China and the 'three sisters' of iron ore: the Asian giant now wants to self-produce it

At the time of Enrico Mattei Italy sought to develop domestic oil and gas production (as well as secure its own sources of external supply) so as not to have to depend on the 'seven sisters' who dominated the international oil market.

China is in a similar situation regarding the iron ore, of which she is by far the world's leading consumer. On the other side of the trading table are the 'three sisters' – BHP Billiton, Rio Tinto and Vale – which are in practice a cartel of sellers (they control two-thirds of the world's iron ore exports).

But China now wants to develop domestic manufacturing (reaching 45% of needs, from 35% last year) and enter into direct agreements with producing countries to not having to depend on the 'three sisters'. And it intends, as far as the imported part is concerned, to get half of the imports from mines in which China has invested.
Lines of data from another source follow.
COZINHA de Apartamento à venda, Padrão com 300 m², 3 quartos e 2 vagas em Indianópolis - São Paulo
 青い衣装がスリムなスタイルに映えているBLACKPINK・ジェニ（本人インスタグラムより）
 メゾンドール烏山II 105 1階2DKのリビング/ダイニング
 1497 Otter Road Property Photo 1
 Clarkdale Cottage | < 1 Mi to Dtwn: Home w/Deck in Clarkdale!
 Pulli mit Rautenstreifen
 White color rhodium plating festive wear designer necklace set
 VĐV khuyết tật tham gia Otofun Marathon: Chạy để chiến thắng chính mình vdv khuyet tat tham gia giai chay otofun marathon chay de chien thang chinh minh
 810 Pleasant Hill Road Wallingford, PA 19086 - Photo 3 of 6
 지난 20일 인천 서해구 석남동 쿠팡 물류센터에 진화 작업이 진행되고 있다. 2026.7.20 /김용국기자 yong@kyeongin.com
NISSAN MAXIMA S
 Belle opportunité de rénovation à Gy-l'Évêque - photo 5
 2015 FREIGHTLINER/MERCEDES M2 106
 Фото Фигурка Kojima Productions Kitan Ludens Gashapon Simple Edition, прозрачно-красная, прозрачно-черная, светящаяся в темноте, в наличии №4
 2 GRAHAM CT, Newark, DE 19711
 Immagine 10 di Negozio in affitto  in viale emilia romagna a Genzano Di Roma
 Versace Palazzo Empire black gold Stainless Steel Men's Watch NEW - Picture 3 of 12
The efforts of the Chinese are good for the global steel industry as a whole, insofar as production increases, the cartel is weakened, and therefore the pressure on prices is eased.

In the first 8 months of this year, China imported 448 million tons of iron ore (+3.5% on last year) and the average price in the period soared by 38%. China blames the 'three sisters' cartel: the average margins of the Chinese steel industry are lower than those of the rest of the industry.